I want to see whether the eQTLs are enriched for GWAS hits.

In [19]:
import os
import subprocess

import pandas as pd
import pybedtools as pbt

import cardipspy as cpy
import ciepy

%matplotlib inline

In [2]:
import socket
if socket.gethostname() == 'fl1':
    pbt.set_tempdir('/projects/cdeboever/pybedtools_temp')

In [3]:
outdir = os.path.join(ciepy.root, 'output',
                      'gwas_analysis')
cpy.makedir(outdir)

private_outdir = os.path.join(ciepy.root, 'private_output',
                              'gwas_analysis')
cpy.makedir(private_outdir)

In [4]:
gwas = pd.read_table(cpy.gwas_catalog, low_memory=False)
gwas = gwas.dropna(subset=['CHR_ID', 'CHR_POS'])
gwas['CHR_ID'] = 'chr' + gwas.CHR_ID.astype(int).astype(str)
gwas['CHR_POS'] = gwas.CHR_POS.astype(int)
gwas['hg38_loc'] = gwas.CHR_ID + ':' + gwas.CHR_POS.astype(str)
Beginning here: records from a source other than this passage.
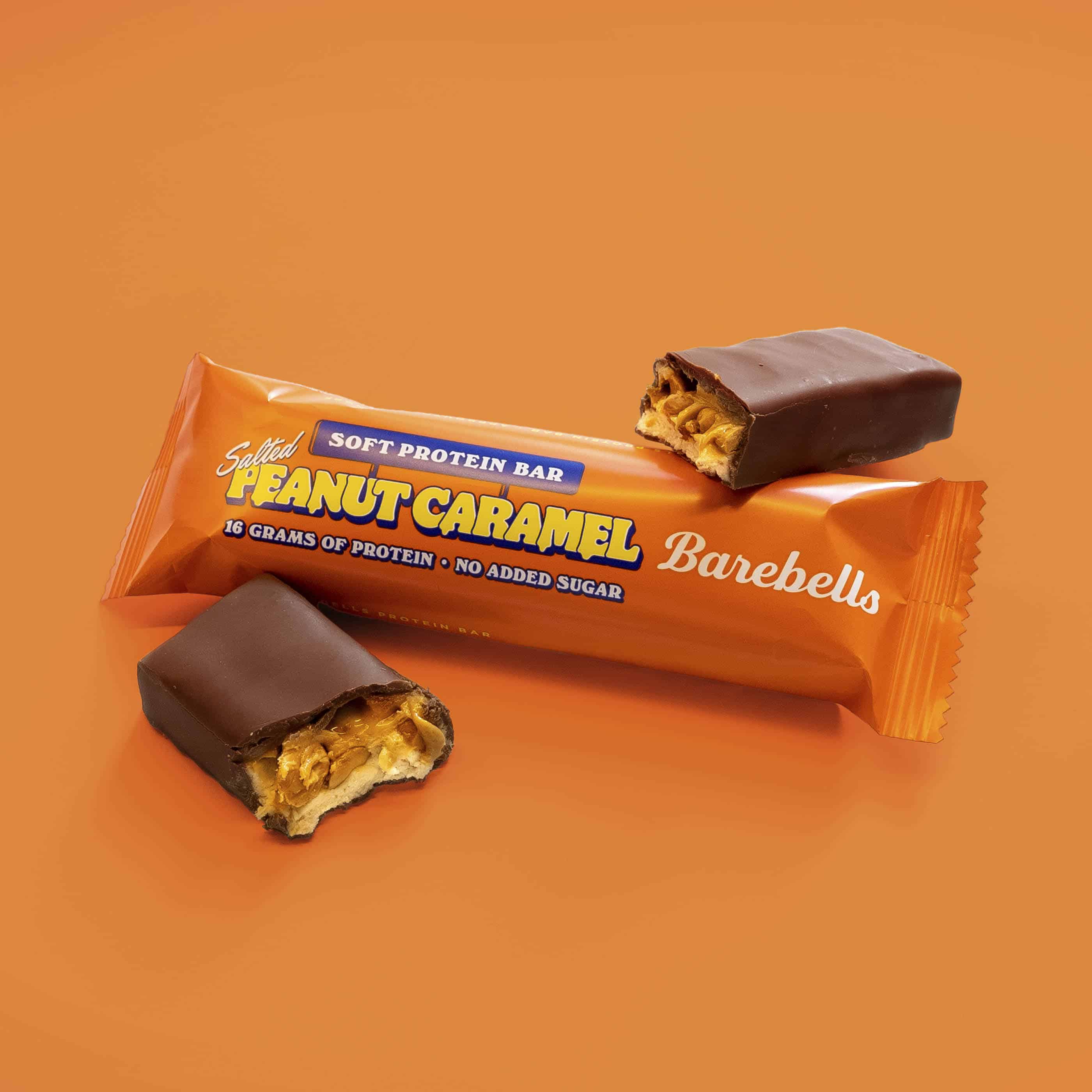 Barebells Soft Protein Bar Salted Peanut Caramel - reep met doorgesneden stuk pinda en karamel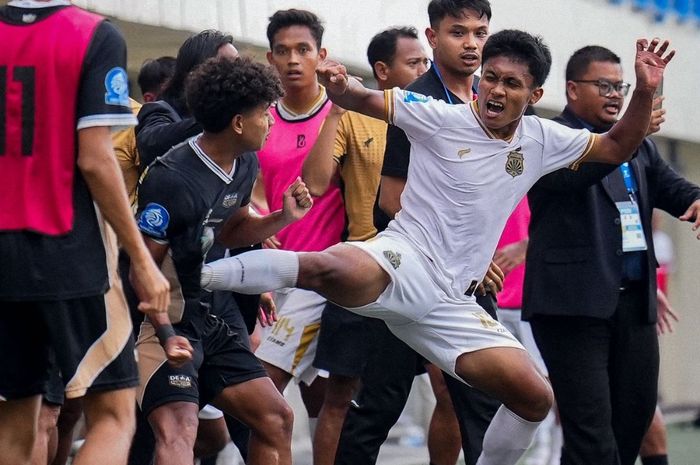 Viral Tendangan Kungfu Pemain Dewa United Terancam Dicoret Timnas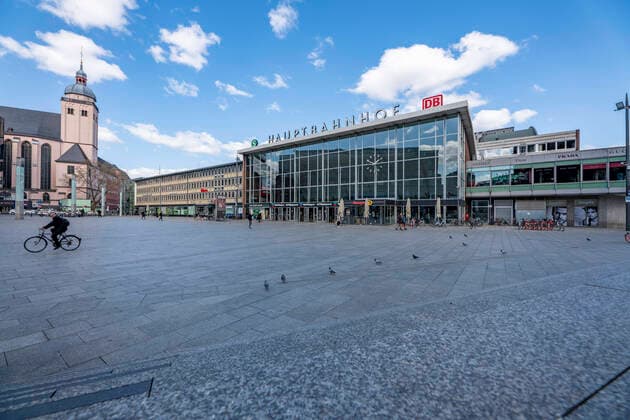 Auswirkungen der Coronavirus Krise, leerer Platz vor dem Hauptbahnhof, Köln,Deutschland, Corona Krise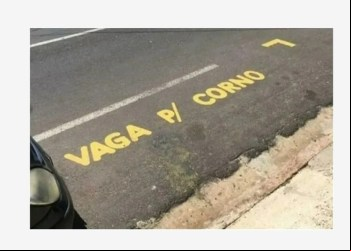 Homem sinaliza 'vaga p/ corno' na frente da sua garagem e viraliza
## Convert GWAS Coordinates to hg19

The latest GWAS catalog from EBI has coordinates in hg38, so I'll
use `liftOver` to get hg19 coordinates.

In [5]:
lines = '\n'.join(gwas.CHR_ID + '\t' + 
                  (gwas.CHR_POS - 1).astype(str) + 
                  '\t' + gwas.CHR_POS.astype(str)) + '\n'
hg38_bt = pbt.BedTool(lines, from_string=True).sort()
hg38_bed = os.path.join(outdir, 'hg38_gwas_snps.bed')
hg38_bt = hg38_bt.saveas(hg38_bed)

In [6]:
hg19_bed = os.path.join(outdir, 'hg19_gwas_snps.bed')
hg19_unmapped = os.path.join(outdir, 'hg19_gwas_snps_unmapped.txt')
chain = os.path.join(ciepy.root, 'output', 'input_data', 
                     'hg38ToHg19.over.chain')
c = '{} {} {} {} {}'.format(cpy.liftOver, hg38_bed, chain,
                            hg19_bed, hg19_unmapped)
subprocess.check_call(c, shell=True)

0

In [7]:
with open(hg19_unmapped) as f:
    missing = pbt.BedTool(''.join([x for x in f.readlines()[1::2]]),
                          from_string=True)
hg38_mapped = hg38_bt.subtract(missing)
hg19_mapped = pbt.BedTool(hg19_bed)

In [11]:
old_loc = []
for r in hg38_mapped:
    old_loc.append('{}:{}'.format(r.chrom, r.end))
new_loc = []
new_chrom = []
new_pos = []
for r in hg19_mapped:
    new_loc.append('{}:{}'.format(r.chrom, r.end))
    new_chrom.append(r.chrom)
    new_pos.append(r.end)

new_info = pd.DataFrame({'hg19_loc':new_loc, 
                         'hg19_chrom': new_chrom, 
                         'hg19_pos': new_pos}, index=old_loc)
gwas.index = gwas.hg38_loc
gwas = gwas.join(new_info)

## Get Null Set

I need to obtain a set of SNVs to calculate a null distribution with. 
These null SNVs should not be significant for an eQTL and should be
matched based on

* distance to TSS
* MAF
* LD

My matching is based Grubert et al. I'll stratify MAF from 0 to 0.5 in 
0.05 intervals. For TSS, I'll define the distribution by log distance 
from all SNPs to TSS and binned into 10 breaks. For LD, I'll calculate
log number of SNPs tagged by each variant within 1 Mb with $R^2 \geq 0.8$.